On days like last week, where gold was once again making new lows, and where it feels like the yellow metal won't stop until it hits zero, you may need the fortitude of Charlton Heston to hang on to your precious metals investments. You will recall that Mr. Heston told a crowd interested in another investment popular in recent years (firearms) that you would have to pry said investment out of his cold dead hands. I certainly feel the same way about gold, silver, and mining stocks. But my beliefs or preferences don't matter much when dealing with a multi-trillion dollar market dominated at the moment by the bears.
However, for those who believe all is lost in gold, silver, or mining stocks I need to remind you that broken parabolas do not mean the bull is dead. People always seem to remember the 1929 crashes, without also remembering the mid-1930s, where stocks did rise from the dead. More recently, in the last decade the Nasdaq Composite crashed nearly 75% (and I believe Apple stock was below 9 dollars), before that index took a swing higher of nearly 300% and Apple went on to make many people rich.

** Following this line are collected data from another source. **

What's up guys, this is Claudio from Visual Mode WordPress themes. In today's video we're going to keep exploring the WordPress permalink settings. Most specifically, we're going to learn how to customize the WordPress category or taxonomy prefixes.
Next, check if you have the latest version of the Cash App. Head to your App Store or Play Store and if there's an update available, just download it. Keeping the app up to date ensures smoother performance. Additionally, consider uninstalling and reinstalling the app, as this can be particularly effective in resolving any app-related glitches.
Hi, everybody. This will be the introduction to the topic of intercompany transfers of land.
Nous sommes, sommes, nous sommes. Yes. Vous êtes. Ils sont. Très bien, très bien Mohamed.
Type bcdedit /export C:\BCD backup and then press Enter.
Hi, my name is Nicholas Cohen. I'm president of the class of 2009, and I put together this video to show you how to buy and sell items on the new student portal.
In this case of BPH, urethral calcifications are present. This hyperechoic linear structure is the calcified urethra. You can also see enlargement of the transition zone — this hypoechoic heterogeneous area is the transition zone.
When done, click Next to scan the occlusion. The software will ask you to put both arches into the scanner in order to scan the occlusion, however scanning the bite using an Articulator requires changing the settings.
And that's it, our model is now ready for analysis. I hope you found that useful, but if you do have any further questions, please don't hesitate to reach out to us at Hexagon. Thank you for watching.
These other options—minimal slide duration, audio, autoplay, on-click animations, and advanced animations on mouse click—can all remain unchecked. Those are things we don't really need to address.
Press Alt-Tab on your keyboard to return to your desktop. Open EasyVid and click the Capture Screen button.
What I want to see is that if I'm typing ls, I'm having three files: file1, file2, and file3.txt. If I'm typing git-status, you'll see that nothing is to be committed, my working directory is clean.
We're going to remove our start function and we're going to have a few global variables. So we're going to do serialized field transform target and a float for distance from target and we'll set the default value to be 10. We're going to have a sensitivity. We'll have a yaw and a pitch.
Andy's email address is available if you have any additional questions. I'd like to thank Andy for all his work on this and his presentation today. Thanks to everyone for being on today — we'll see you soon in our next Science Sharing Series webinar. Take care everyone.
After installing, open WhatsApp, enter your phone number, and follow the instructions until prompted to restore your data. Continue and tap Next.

As I wrote in early 2012 regarding the Silver Parabola, the price of silver took three years to be cut in half from 1968 to 1971 before rocketing higher 20 times in less than 7 years. Any veteran junior explorer investor will tell you stories of companies that went from 1 dollar to 5 cents and then back to a dollar on their way to 10 dollars as a reminder that volatility, like broken parabolas, don’t have to mean the end of your investment thesis. The question is whether or not you as a speculator/ investor have the fortitude to withstand the pain of months, days, and years like what we have seen recently in the precious metals space. I certainly hope you do.
It is also the case that bears and shorts make money, and those with a negative view of bullion prices have certainly had the wind at their backs these past 2 years. For those living on the bearish side of the street, here are some downward price targets for you for gold and silver.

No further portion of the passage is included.